Every line in the entries where "Saint" is found should be copied.

BEGIN The input

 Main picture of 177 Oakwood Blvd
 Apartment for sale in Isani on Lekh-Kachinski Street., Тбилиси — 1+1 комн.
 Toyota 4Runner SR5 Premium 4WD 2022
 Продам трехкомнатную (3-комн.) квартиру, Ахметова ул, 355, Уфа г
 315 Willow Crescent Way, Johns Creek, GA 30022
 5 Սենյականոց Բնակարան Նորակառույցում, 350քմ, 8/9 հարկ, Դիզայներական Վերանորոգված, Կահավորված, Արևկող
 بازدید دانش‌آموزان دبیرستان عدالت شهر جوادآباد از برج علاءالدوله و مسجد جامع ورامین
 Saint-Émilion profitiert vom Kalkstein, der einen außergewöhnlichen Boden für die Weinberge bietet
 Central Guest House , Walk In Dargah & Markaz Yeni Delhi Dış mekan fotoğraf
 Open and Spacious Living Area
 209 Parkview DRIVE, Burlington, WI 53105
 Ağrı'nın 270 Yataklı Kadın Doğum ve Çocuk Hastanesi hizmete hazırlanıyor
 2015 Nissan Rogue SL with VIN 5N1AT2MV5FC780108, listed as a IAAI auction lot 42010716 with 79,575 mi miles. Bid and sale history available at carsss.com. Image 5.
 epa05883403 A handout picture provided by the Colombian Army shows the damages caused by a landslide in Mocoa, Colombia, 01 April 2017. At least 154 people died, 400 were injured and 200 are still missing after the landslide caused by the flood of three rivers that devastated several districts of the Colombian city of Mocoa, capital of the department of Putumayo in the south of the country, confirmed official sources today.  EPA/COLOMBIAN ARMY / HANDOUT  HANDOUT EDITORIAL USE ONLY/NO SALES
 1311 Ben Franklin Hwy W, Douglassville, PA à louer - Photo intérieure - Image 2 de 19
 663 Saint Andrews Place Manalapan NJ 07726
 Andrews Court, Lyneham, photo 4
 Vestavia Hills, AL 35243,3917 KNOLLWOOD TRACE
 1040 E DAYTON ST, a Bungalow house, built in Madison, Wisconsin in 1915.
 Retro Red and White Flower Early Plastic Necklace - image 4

END The input

→ **Response to this exercise**:
 Saint-Émilion profitiert vom Kalkstein, der einen außergewöhnlichen Boden für die Weinberge bietet
 663 Saint Andrews Place Manalapan NJ 07726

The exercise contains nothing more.